Both gambles failed. Rojo came to the Monumental with a red ‘B’ standing out from his Red Sox cap but on the field was humbled by the sharper, hungrier River attack which ran him ragged. Palacios was all but anonymous from the moment he ‘shivered’ on the turf pre-game, an empty grandstanding gesture which only further exposed the Chilean as he fell flat. It is the kind of bone-headed provocation that this current Boca side engages in time and again, and a symptom of the malfunctioning club culture Gago was unable or unwilling to arrest: ignoring football’s most important maxim, that one must do their talking where it counts on the field.
Since taking over as Boca president Juan Román Riquelme has chopped and changed the man in charge while spending millions on new players. But that culture of cheap shots, of dubious intelligence and forethought, of defining success or failure purely by way of comparison with River, remains untouched and continues to hollow out this great football club.
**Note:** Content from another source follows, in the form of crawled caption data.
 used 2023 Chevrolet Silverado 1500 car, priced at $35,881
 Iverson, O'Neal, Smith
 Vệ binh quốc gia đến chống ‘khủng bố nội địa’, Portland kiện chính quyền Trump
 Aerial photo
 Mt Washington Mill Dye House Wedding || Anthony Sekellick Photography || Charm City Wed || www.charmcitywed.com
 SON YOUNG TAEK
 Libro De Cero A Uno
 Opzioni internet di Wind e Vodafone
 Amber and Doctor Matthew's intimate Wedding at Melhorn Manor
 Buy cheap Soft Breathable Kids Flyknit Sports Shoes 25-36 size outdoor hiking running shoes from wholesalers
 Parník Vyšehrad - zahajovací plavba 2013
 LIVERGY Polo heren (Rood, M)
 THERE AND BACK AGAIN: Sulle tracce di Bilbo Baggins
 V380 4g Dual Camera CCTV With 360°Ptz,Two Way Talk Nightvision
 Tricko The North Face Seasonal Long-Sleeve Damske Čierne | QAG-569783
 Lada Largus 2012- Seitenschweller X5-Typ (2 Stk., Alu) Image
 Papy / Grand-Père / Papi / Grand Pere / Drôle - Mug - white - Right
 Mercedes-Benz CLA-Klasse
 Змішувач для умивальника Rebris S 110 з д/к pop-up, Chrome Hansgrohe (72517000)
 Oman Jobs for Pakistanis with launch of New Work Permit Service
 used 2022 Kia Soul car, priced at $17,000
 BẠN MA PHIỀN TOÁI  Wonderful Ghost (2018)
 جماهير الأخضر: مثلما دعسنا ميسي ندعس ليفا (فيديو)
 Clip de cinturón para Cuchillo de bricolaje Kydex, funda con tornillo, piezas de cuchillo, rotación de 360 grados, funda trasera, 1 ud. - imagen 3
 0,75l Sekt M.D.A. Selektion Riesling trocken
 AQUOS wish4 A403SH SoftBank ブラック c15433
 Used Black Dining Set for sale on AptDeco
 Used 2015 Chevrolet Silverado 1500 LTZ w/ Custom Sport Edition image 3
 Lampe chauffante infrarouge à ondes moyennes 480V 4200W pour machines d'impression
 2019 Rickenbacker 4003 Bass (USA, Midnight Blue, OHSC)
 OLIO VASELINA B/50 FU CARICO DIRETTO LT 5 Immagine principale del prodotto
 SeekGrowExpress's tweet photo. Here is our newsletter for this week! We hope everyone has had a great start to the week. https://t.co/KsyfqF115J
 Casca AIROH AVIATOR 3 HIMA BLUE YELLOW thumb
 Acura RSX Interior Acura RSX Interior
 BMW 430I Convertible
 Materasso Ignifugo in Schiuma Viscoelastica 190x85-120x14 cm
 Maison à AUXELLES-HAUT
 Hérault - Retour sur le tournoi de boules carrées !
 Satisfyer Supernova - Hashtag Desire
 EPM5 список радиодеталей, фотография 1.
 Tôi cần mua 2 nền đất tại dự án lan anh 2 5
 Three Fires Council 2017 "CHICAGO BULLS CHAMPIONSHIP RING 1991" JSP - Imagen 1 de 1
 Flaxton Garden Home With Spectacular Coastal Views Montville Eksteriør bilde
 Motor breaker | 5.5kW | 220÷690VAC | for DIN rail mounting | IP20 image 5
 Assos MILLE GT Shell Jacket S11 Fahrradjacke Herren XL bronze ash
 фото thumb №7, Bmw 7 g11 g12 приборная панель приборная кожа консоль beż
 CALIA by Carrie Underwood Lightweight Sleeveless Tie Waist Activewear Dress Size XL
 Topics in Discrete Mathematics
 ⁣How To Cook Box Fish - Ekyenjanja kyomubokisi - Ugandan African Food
Sunday’s Clásico should have been within reach for Boca, with all the issues Gallardo himself has had making his expensively-assembled squad work as a unit; instead, thanks to Gago and Co. ‘El Muñeco’ now looks stronger than ever and ready once more to take on the world.
Until Riquelme takes a long, honest look in the mirror and faces up to the real problems the club he presides over faces – slapdash recruitment, zero consistency or long-term thinking, a finger permanently on the self-destruct button – the challenge of restoring the glory days appears beyond even the most accomplished of coaches in world football.